» **WORK TASK**
Retype the full set of data, character for character.

» **SOURCE INFORMATION**
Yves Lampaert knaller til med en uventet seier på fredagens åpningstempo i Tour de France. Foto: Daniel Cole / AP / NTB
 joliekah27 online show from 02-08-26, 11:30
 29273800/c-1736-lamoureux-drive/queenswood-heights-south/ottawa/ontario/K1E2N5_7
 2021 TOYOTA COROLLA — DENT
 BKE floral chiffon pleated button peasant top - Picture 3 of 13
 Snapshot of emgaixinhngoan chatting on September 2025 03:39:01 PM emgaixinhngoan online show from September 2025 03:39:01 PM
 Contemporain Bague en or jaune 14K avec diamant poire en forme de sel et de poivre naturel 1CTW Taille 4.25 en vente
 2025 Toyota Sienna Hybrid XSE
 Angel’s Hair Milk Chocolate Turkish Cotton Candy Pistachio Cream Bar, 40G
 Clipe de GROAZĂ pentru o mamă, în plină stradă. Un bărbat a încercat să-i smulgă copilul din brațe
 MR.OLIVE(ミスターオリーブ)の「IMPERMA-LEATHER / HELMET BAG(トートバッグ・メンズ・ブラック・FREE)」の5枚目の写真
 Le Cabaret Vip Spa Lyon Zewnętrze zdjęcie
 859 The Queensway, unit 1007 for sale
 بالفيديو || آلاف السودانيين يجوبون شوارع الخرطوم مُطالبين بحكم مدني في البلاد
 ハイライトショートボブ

» **ANSWER SECTION**
Yves Lampaert knaller til med en uventet seier på fredagens åpningstempo i Tour de France. Foto: Daniel Cole / AP / NTB
 joliekah27 online show from 02-08-26, 11:30
 29273800/c-1736-lamoureux-drive/queenswood-heights-south/ottawa/ontario/K1E2N5_7
 2021 TOYOTA COROLLA — DENT
 BKE floral chiffon pleated button peasant top - Picture 3 of 13
 Snapshot of emgaixinhngoan chatting on September 2025 03:39:01 PM emgaixinhngoan online show from September 2025 03:39:01 PM
 Contemporain Bague en or jaune 14K avec diamant poire en forme de sel et de poivre naturel 1CTW Taille 4.25 en vente
 2025 Toyota Sienna Hybrid XSE
 Angel’s Hair Milk Chocolate Turkish Cotton Candy Pistachio Cream Bar, 40G
 Clipe de GROAZĂ pentru o mamă, în plină stradă. Un bărbat a încercat să-i smulgă copilul din brațe
 MR.OLIVE(ミスターオリーブ)の「IMPERMA-LEATHER / HELMET BAG(トートバッグ・メンズ・ブラック・FREE)」の5枚目の写真
 Le Cabaret Vip Spa Lyon Zewnętrze zdjęcie
 859 The Queensway, unit 1007 for sale
 بالفيديو || آلاف السودانيين يجوبون شوارع الخرطوم مُطالبين بحكم مدني في البلاد
 ハイライトショートボブ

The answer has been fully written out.